Di Indonesia, fenomena yang terlihat justru tumbuh suburnya museum-museum pribadi. Museum-museum nasional yang dikelola Negara, jumlahnya bisa dihitung dengan jari. Sayangnya, tak seluruh museum dioperasikan sesuai dengan fungsinya. Anggaran yang dikucurkan disebut cukup tinggi, namun tak dimanfaatkan dengan efektif bahkan terkesan salah pos.
Jumlah koleksi baru yang dimiliki museum nasional dalam setahun sangat sedikit atau bahkan lebih sering tidak ada. kebutuan atas kesediaan sumber daya manusia juga menjadi hambatan. Pemerintah melalui Kemendikbud, tak cukup ‘pintar’ untuk memancing minat pemuda-pemuda Indonesia untuk menekuni bidang manajemen permuseuman.

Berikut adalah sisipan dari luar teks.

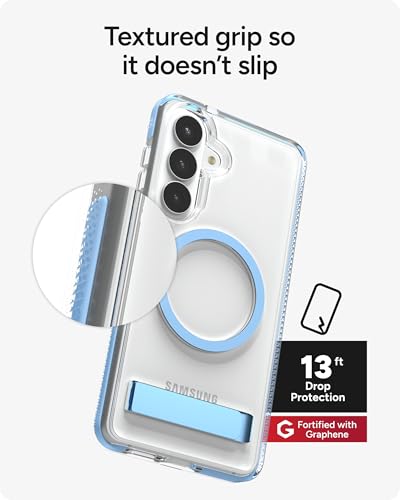 ZAGG Santa Cruz Snap Samsung Galaxy S26+ Case with Kickstand - ICY Blue, Magnetic Crystal Clear Protective Phone Cover, 13ft Drop Protection, Graphene Reinforced, Slim Case with Stand - color: Icy Blue, size: Samsung Galaxy S26 Plus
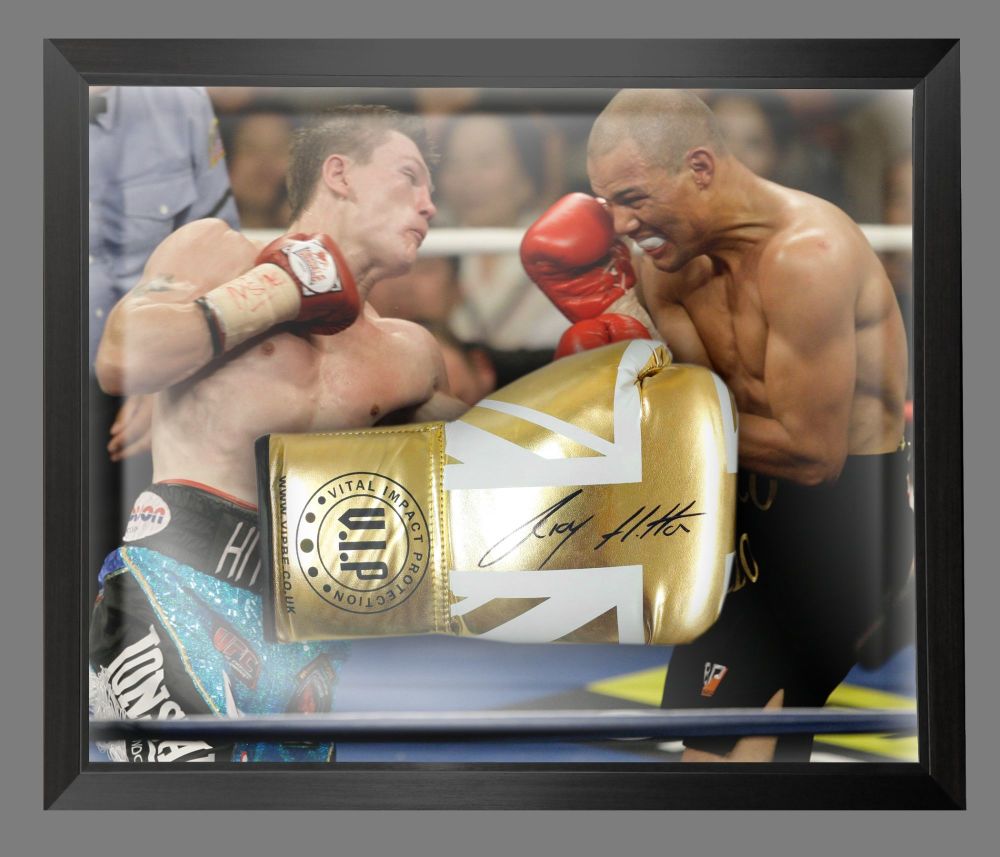     Ricky Hatton Signed White Custom Made Boxing Glove In A Dome Frame: A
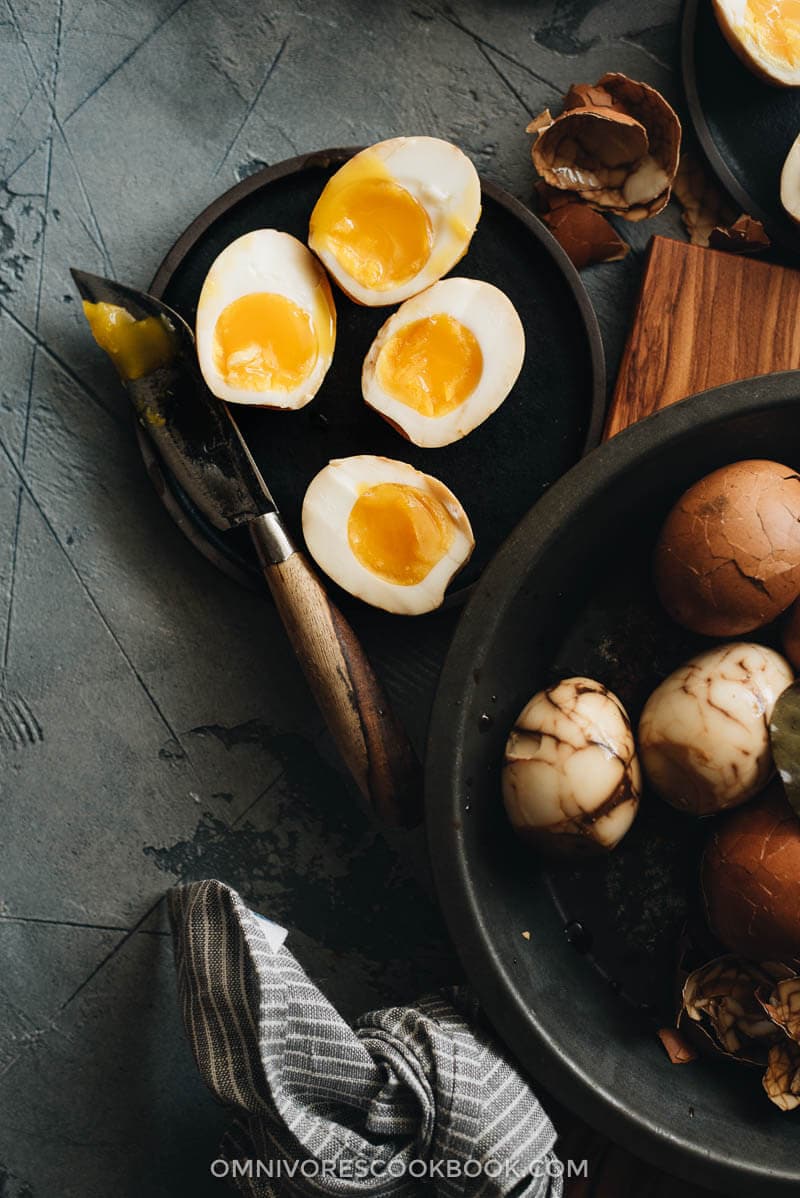 Chinese Tea Eggs with soft boiled eggs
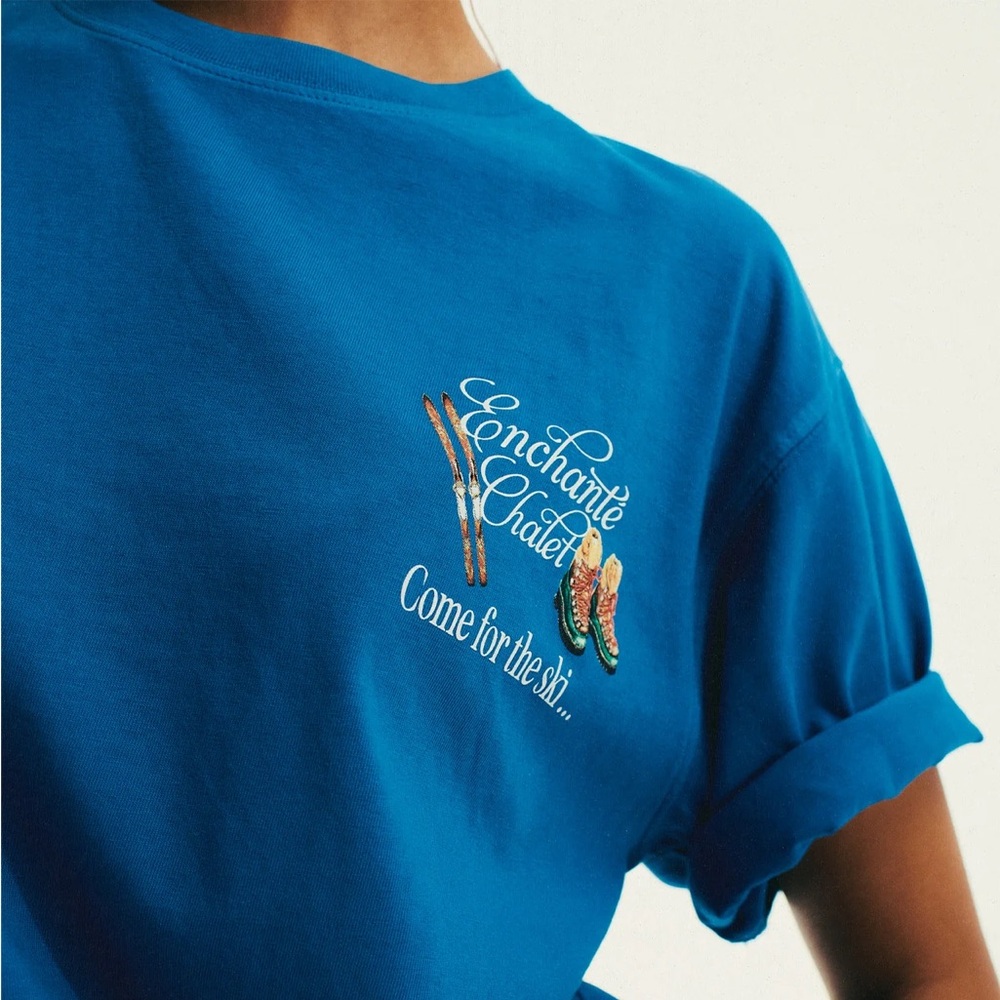 NWT Enchanté Stay For S'more Chalet Collection Blue T-shirt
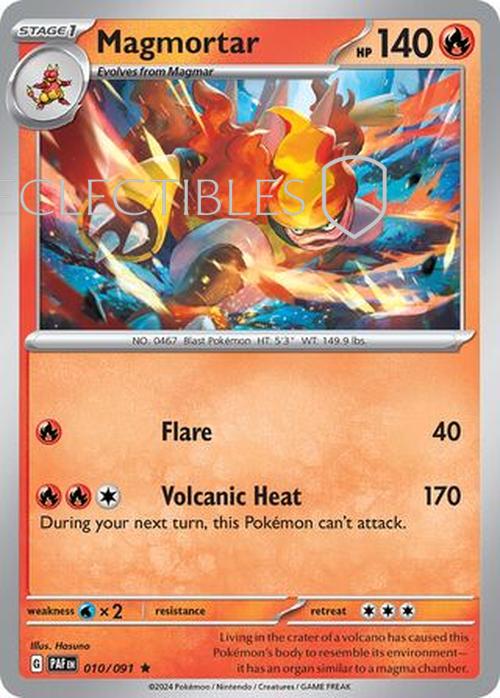 Pokemon Paldean Fates 010/91 Magmortar  Reverse Holo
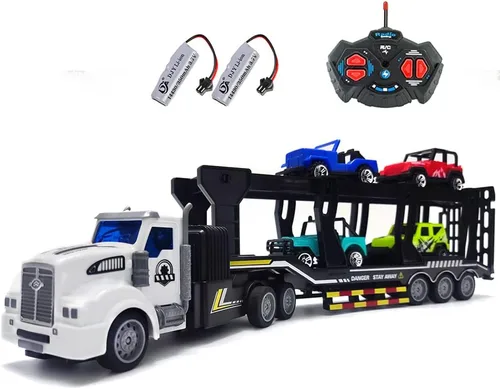 Camión transportador de automóviles a control remoto, incluye 4 autos, 14 pulgadas, 1:48, mini remolque de juguete a control remoto con 2 baterías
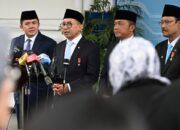Menteri Kebudayaan Fadli Zon dalam keterangan pers usai upacara penganugerahan gelar Pahlawan Nasional di Istana Negara, Jakarta, Senin (10/11/2025). (Foto: Dok.BPMI Setpres)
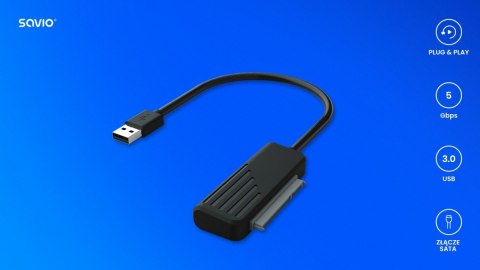 Adapter SATA żeński - USB 3.0 męski do dysków 2,5, AK-38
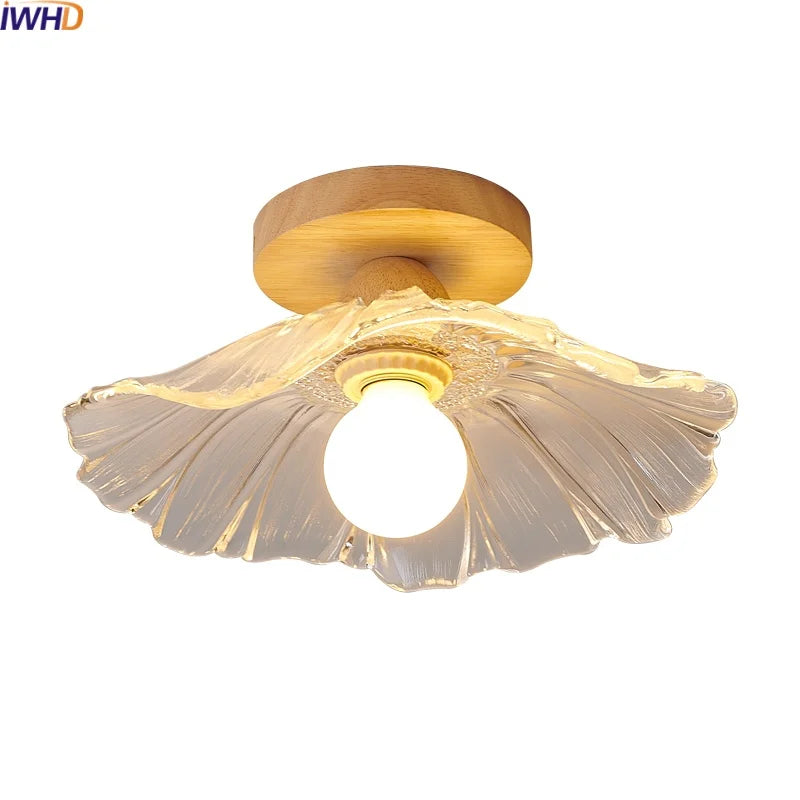 Afralia™ Clear Glass LED Ceiling Light Fixture for Modern Home Aisle Balcony Restaurant Hallway Lighting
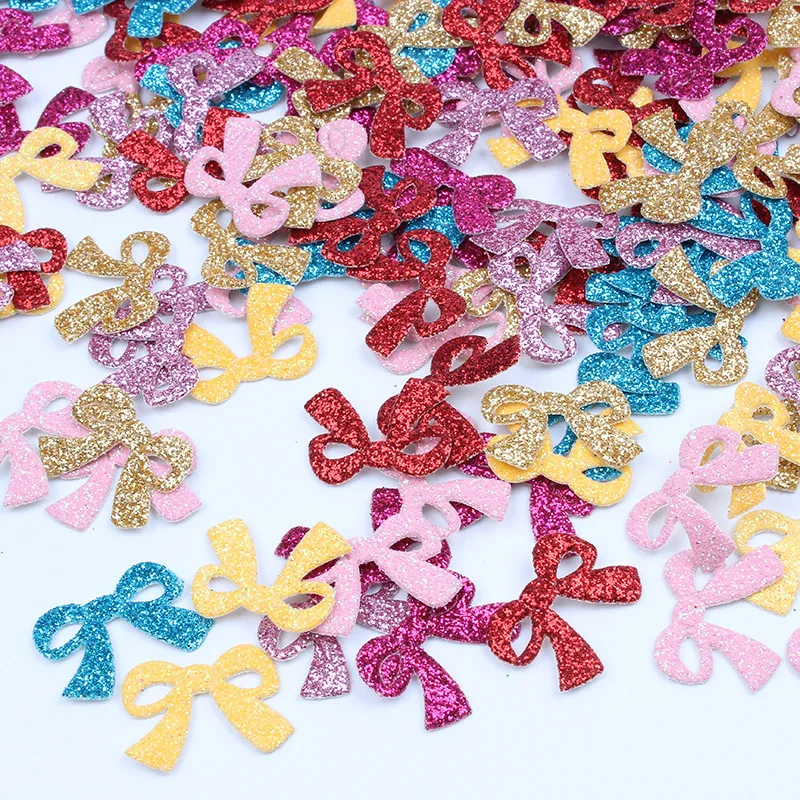 

100pcs/lot Cartoon Mini Stick On Bow Sticker DIY Bows Patch Pads for Girls Headwear Scrapbook Decoration Handmade Craft Material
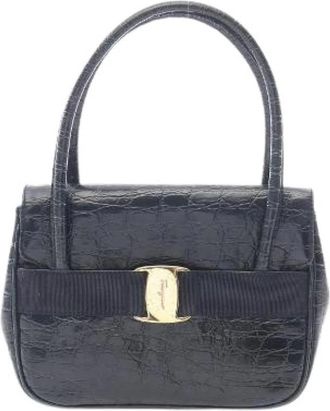 Ferragamo Pre-owned Vara Leren Handtas - Dames - Vintage Handtas - Blauw - ONE Size - Leer - Vintage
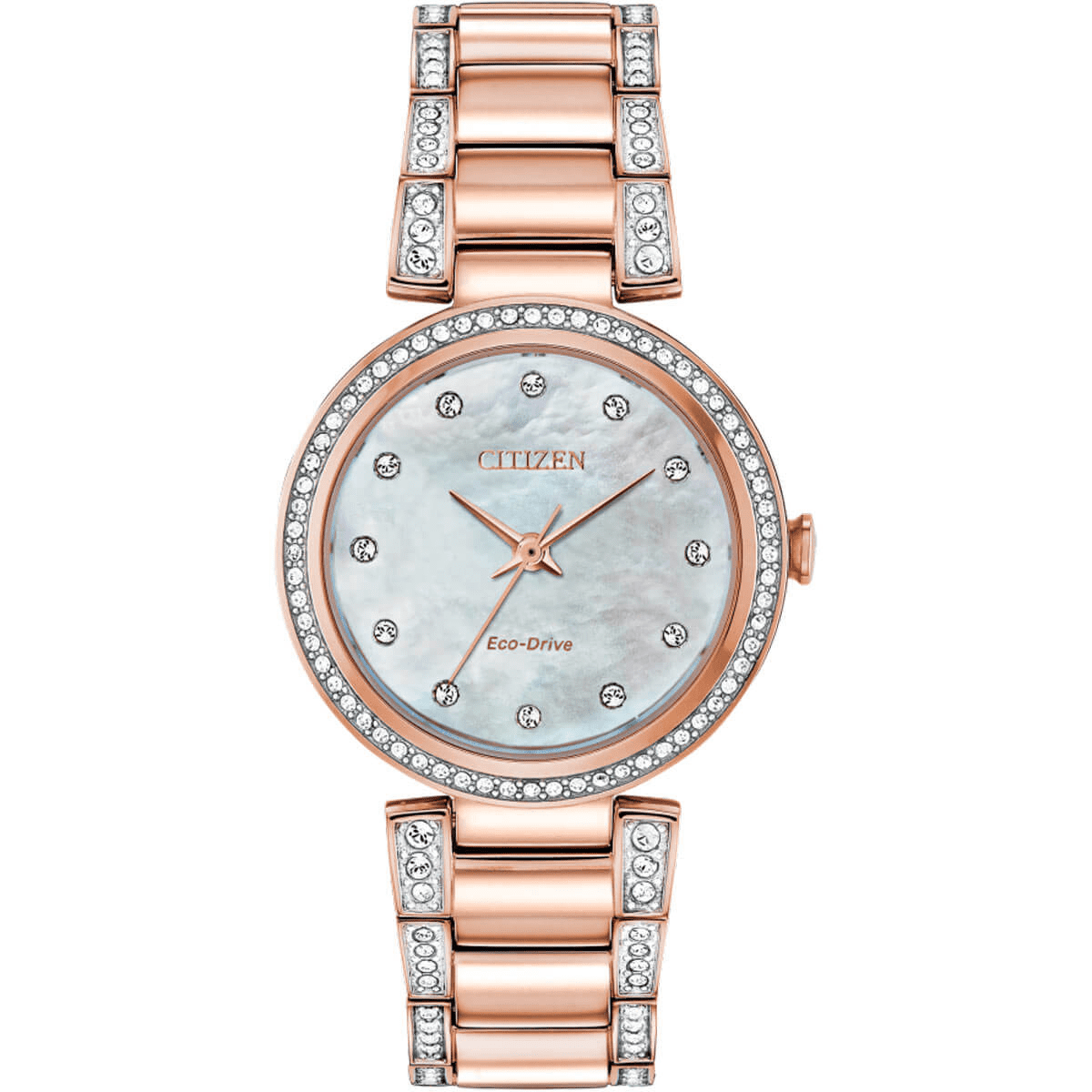 Citizen Eco-Drive Crystal Mother of Pearl Dial Ladies Watch EM0843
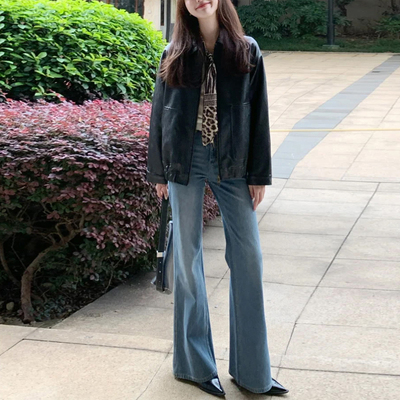 加绒美式高腰辣妹微喇牛仔裤女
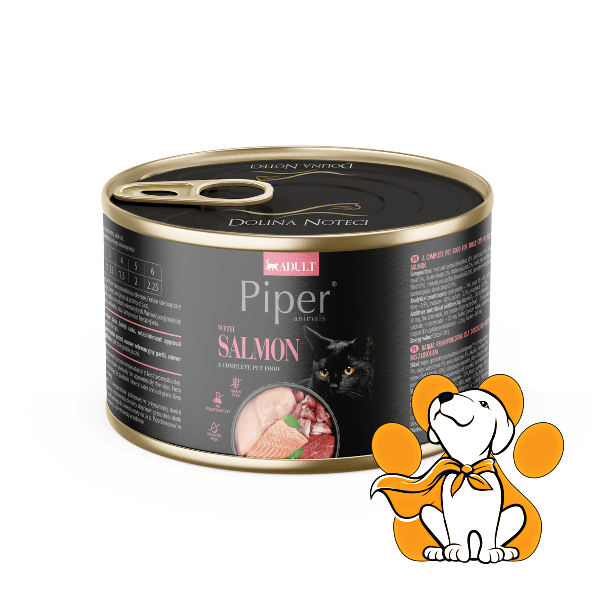 Piper Cat Salmon 185g, Vlažna Hrana Za Mačke Sa Lososom Za Zdravu Kožu i Dlaku
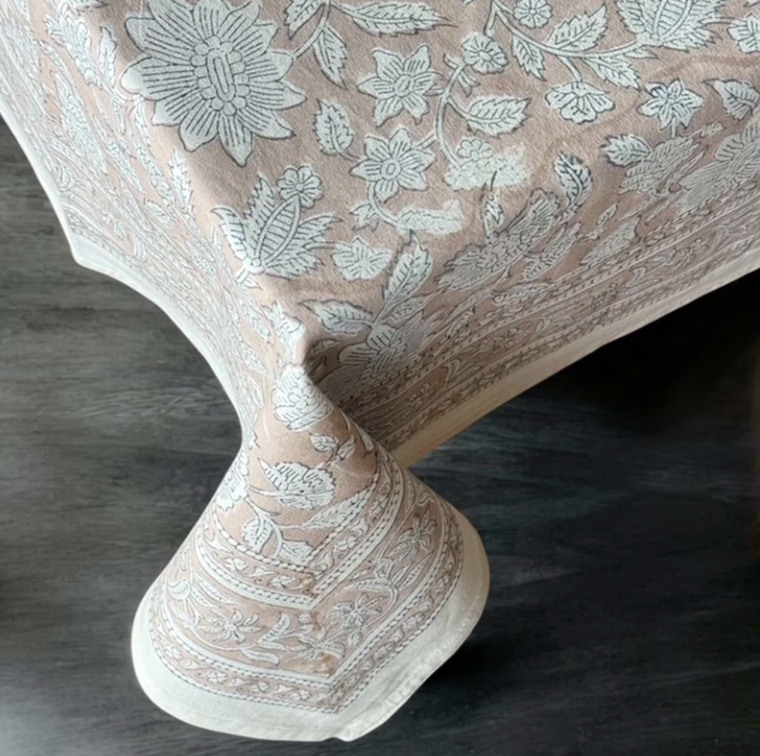 Soft Putty Pink Floral Tablecloth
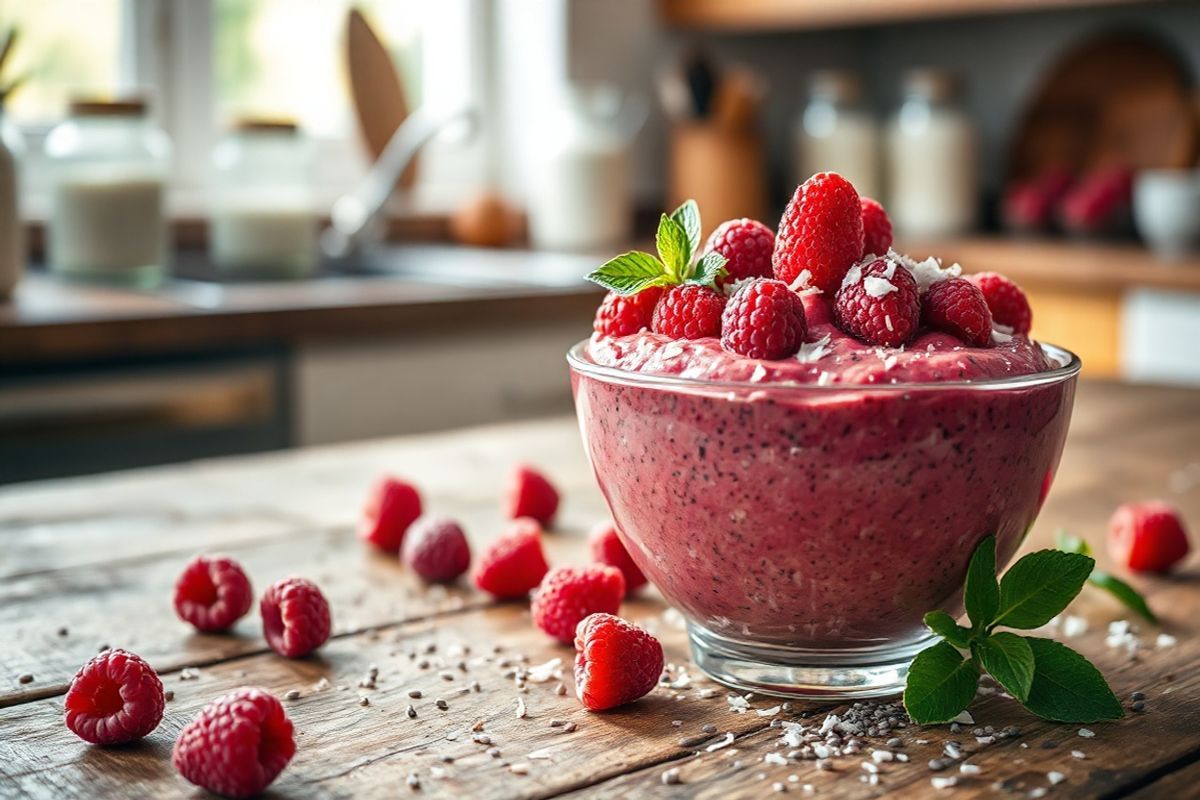 A beautifully arranged bowl of vibrant raspberry sherbet chia pudding sits on a rustic wooden table, illuminated by soft, natural light streaming through a nearby window. The pudding, rich in a deep pink hue, is topped with a scattering of fresh raspberries and a sprinkle of coconut flakes, adding texture and visual appeal. Surrounding the bowl are scattered chia seeds, glistening like tiny gems, and a few mint leaves for a pop of green. In the background, a blurred view of a kitchen countertop showcases jars of almond milk and maple syrup, hinting at the simple ingredients used to create this healthy dessert. The overall atmosphere is warm and inviting, emphasizing the deliciousness and health benefits of chia pudding. The image captivates with its photorealistic detail, highlighting the creamy texture of the pudding and the freshness of the fruit, making it an enticing representation of a nutritious and indulgent treat.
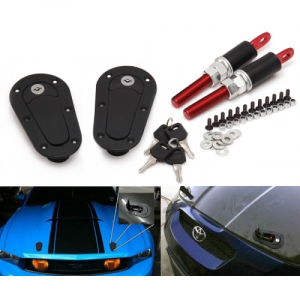 SK-Import Haubenverschlüsse mit Verschluss Schwarz ABS Plastik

Yah pada intinya, kejanggalan infrastruktur seni rupa di Indonesia akhirnya mempengaruhi perkembangan dan pertumbuhan seni itu sendiri. Diskusi semacam AAMDF sah-sah saja dilakukan. Namun, yang dibutuhkan saat ini adalah eksekusi yang cepat agar Indonesia tak tertinggal jauh dari Negara tetangga seperti Malaysia. Informasi-informasi yang didapatkan dari diskusi bertaraf internasional itu atau pun kunjungan langsung sejumlah pejabat terkait ke berbagai museum di negara-negara sahabat, tidak saja menjadi pengetahuan terbatas individu tapi dapat diketahui pihak lainnya dan diaplikasikan.